Exactly as written, reproduce the lines from the beginning of the data through the line containing "Hi everyone, welcome"; the pictures are not reproduced.

[[ Input for this task, beginning ]]

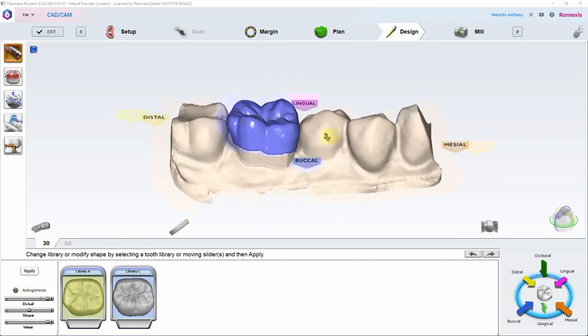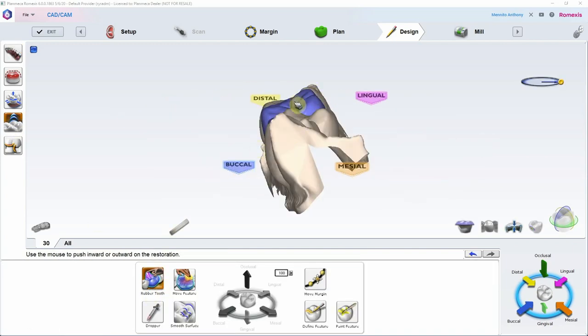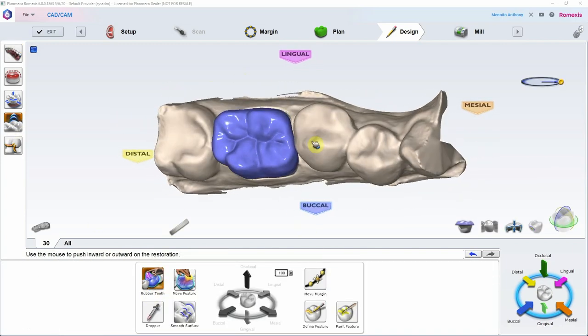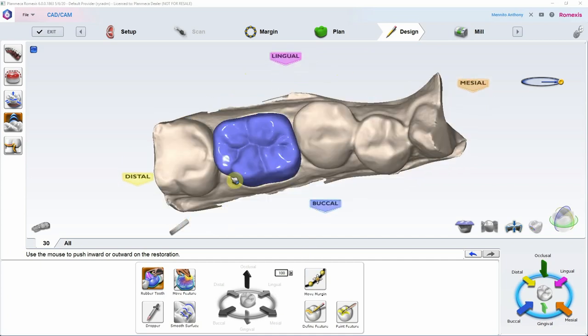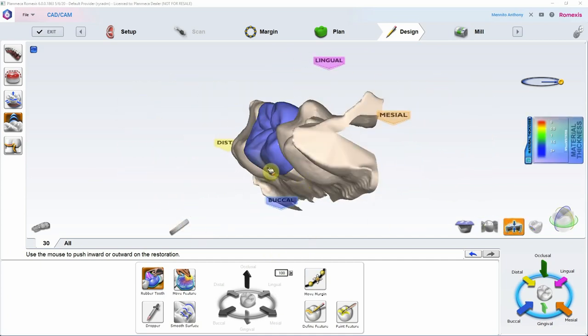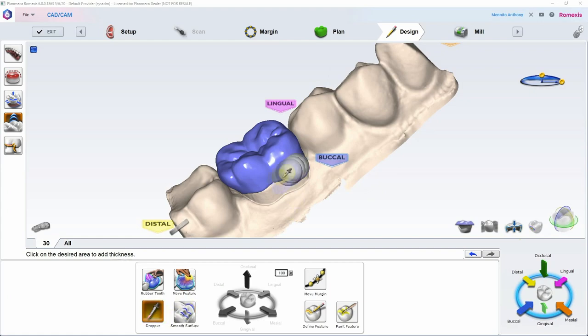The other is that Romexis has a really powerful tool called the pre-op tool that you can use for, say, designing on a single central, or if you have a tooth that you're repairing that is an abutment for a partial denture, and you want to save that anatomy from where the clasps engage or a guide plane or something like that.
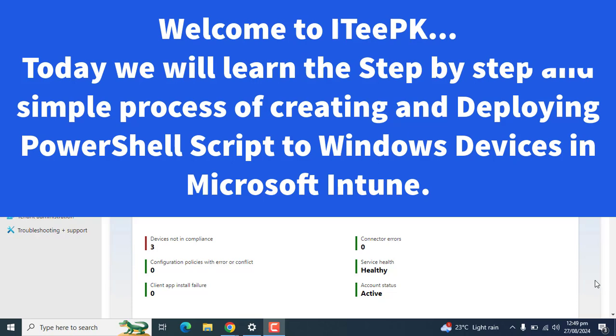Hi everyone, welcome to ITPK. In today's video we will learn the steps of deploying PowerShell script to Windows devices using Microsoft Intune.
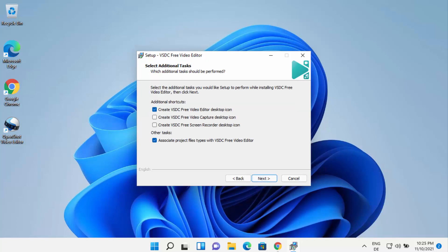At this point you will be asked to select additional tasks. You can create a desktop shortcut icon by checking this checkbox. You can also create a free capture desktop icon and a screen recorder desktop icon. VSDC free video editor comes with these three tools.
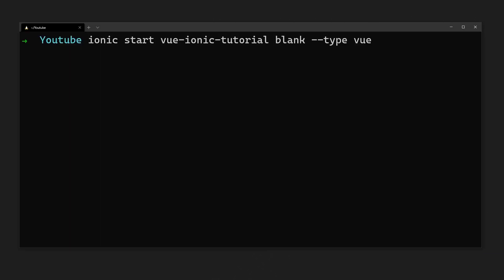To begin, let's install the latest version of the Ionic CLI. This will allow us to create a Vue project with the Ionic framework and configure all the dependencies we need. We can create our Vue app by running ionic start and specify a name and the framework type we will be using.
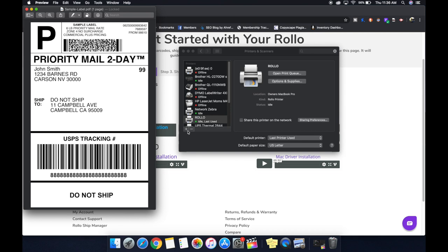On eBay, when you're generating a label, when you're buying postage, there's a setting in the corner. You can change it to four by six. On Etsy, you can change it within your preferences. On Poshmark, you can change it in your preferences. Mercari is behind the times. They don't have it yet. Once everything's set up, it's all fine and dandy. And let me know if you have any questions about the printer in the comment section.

[[ Input for this task, end ]]

## Final answer
The other is that Romexis has a really powerful tool called the pre-op tool that you can use for, say, designing on a single central, or if you have a tooth that you're repairing that is an abutment for a partial denture, and you want to save that anatomy from where the clasps engage or a guide plane or something like that.
Hi everyone, welcome to ITPK. In today's video we will learn the steps of deploying PowerShell script to Windows devices using Microsoft Intune.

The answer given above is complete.